I'm sadder about the death of Twitter than I'd like to admit. It's brought me some of the most precious relationships in my life and strengthened others. It's been the place where I share my work and get gigs and make plans and receive fan mail and sometimes miraculous DMs. It's also been the place where I get death threats and heinous DMs and absorb people's projections about me. It's mixed and beat-up baggage, and I should feel ok about the airline losing it due to gross executive incompetence.
But I don't.
I joined
BlueSky. I post on TikTok. I'm branching out, but every tree in this orchard is twisted and you can smell the fruit fermenting in high summer. I'm out here anyway, and maybe you are, too.
Recent publications include my
ode to a grocery store sandwich, in which I write about childhood poverty and being fed. Chew on that and then bite into my essay about
how much I hate Hell House, a classic of the horror genre that isn't scary and makes the weirdest choices about sex and death and a moat full of abortions. Speaking of sex and death, I wrote about one of my favorite old school Pagan movies,
Eye of the Devil (1966) for the Wild Hunt. It's a creepy one, with an appearance by the ill-fated Sharon Tate.
I got a box of Romanian/English bilingual translations of
Find Layla in the mail the other day. It is astonishing to se a book of which I am the sole author translated into a language I can't read, for people in a country I've never seen. Cooler still to see it line by line translated from my mother tongue, that some kid might learn a little English by reading my book in their home country. Being an author is one of the smallest, most petty kinds of fame one can achieve. And moments like this sitll make it feel like godhood.

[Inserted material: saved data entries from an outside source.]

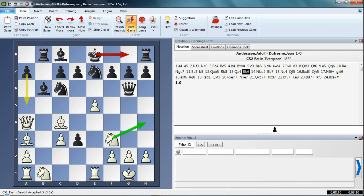One of the questions I often get asked is how to switch off these little arrows that appear automatically when you're running Fritz. If you're just looking at a position and you don't actually have an engine running at the time, these arrows start to appear giving you threats and plans and things that are possible in that position.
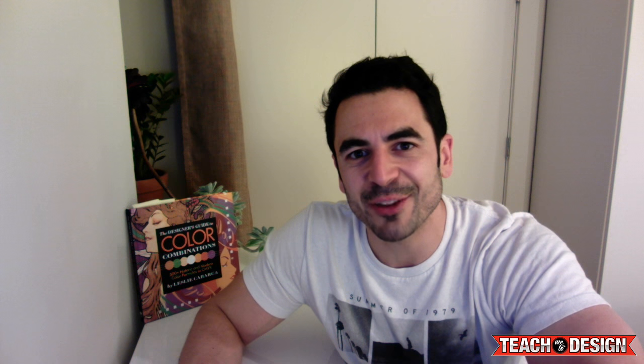What's up guys? Eric Vasquez here from teachmetodesign.com and in today's design theory video we're going to be talking about the next element of design, color.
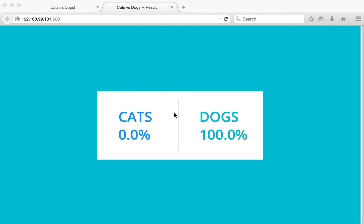As part of this demo you have seen how, by specifying the required configuration in the docker-compose.yml file, we were able to build the required Docker images and successfully run the application. Thanks for watching the demonstration.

I'll be in and out of DC and NY all summer. I'll be day job hunting and selling my next book. I've got that summertime sadness, but it's the remix and I know how to dance to it.
I just read
"Lone Women" by Victor LaValle and loved the intimate kindesses between homesteaders, loved the way he makes a monster a person.
I've been watching
Silo, a sci-fi drama on Apple TV and loving the tension and strangeness of it.
Rewatching old movies like
Double Indemnity and finding them delicious in their rapid-fire dialog, their cigarette-smoky nonchalance, their sweeping headlights in the noir of the night.
I hope you're finding comfort in the familiar, the foreign country of the past, the outer space of the future.